[Saved entries]
☆ ☆ ☆ ☆ ☆ ☆ ☆

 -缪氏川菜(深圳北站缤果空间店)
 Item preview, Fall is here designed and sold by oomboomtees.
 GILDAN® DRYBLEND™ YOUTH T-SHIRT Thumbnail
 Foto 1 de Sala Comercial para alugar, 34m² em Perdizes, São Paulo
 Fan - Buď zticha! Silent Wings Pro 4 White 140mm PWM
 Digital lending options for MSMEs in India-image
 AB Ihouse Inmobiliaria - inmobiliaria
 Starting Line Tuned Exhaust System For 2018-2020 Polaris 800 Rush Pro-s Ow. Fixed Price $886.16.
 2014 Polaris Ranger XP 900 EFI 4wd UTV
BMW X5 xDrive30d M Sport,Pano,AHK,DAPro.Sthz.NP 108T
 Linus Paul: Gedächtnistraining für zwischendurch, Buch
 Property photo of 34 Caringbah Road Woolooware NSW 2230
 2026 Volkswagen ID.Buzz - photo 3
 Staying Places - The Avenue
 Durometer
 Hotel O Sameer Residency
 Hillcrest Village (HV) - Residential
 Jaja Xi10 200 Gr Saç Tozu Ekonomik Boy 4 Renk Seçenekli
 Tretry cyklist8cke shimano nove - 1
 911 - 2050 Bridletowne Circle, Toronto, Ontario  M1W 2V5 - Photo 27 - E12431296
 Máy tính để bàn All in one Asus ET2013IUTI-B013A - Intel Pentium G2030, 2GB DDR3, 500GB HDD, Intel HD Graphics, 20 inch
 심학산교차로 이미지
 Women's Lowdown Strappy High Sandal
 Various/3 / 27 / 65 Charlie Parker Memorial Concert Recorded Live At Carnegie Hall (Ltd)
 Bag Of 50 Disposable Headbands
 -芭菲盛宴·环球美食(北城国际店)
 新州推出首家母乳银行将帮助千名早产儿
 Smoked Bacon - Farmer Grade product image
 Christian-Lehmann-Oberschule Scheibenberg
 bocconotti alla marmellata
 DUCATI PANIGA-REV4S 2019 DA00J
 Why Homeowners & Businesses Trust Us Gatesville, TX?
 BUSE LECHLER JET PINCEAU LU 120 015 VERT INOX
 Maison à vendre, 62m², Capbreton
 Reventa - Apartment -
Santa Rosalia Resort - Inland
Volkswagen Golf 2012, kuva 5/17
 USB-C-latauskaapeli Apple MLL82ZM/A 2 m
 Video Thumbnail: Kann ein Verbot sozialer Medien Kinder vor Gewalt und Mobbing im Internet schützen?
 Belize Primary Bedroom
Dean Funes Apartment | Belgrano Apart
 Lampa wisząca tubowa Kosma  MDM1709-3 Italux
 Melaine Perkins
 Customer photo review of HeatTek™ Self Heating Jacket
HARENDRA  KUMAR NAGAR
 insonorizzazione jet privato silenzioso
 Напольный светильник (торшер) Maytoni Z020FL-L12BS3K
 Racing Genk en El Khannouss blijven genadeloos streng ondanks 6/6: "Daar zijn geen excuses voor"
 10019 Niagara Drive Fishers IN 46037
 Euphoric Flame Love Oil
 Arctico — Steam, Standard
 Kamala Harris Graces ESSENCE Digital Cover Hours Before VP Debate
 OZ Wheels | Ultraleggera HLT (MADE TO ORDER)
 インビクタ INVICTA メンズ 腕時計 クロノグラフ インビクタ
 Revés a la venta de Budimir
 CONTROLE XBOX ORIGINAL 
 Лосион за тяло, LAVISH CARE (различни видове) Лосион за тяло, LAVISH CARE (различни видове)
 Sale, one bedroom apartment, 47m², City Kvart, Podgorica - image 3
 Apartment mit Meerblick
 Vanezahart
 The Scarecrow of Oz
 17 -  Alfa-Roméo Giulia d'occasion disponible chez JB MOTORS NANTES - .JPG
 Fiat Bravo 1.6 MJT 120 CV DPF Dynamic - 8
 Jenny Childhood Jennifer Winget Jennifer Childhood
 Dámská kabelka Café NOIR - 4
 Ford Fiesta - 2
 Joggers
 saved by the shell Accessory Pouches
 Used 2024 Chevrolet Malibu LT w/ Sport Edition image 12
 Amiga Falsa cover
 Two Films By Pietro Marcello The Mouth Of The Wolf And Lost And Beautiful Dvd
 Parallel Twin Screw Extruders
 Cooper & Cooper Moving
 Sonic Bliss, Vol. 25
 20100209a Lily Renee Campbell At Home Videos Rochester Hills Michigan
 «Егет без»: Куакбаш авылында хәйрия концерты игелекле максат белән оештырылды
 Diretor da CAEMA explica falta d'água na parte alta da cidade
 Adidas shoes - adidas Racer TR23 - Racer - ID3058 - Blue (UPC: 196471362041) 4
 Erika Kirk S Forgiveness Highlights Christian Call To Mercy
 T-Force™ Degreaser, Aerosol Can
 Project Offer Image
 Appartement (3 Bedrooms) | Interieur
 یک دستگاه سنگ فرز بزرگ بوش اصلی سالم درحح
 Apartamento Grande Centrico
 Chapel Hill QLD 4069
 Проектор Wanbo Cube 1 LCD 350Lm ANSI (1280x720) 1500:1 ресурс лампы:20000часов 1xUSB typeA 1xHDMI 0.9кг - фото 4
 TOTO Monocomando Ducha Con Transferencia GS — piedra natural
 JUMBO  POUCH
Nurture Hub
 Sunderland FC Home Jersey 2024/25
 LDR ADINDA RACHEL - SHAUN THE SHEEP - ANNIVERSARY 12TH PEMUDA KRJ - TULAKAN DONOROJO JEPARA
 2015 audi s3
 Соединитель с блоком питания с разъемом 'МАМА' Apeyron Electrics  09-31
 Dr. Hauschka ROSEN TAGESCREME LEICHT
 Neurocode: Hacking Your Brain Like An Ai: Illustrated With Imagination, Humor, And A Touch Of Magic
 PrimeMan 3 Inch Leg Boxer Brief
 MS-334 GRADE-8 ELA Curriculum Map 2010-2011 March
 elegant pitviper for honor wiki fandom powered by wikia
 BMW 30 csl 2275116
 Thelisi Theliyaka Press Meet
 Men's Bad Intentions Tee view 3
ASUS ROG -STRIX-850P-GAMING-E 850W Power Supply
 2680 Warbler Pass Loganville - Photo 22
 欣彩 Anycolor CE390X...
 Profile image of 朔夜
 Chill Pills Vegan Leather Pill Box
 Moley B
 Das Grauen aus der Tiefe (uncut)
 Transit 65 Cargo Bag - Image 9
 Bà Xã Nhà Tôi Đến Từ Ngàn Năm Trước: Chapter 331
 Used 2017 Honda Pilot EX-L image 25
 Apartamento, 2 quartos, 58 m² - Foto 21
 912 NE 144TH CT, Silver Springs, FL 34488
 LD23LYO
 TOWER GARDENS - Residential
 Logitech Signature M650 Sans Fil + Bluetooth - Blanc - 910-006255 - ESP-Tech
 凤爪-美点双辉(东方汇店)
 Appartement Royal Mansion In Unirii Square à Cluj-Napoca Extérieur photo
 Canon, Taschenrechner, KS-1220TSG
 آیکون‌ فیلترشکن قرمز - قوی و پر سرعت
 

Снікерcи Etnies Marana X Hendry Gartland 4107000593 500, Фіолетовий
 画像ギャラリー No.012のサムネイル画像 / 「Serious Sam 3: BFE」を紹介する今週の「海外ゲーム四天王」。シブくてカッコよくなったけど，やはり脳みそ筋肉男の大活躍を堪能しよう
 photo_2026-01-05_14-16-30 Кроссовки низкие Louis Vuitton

☆ ☆ ☆ ☆ ☆ ☆ ☆

**Work to complete**: In the entries above, identify each line that includes the string "Digital", then copy it.

**Solution to this problem**:
 Digital lending options for MSMEs in India-image
 Kamala Harris Graces ESSENCE Digital Cover Hours Before VP Debate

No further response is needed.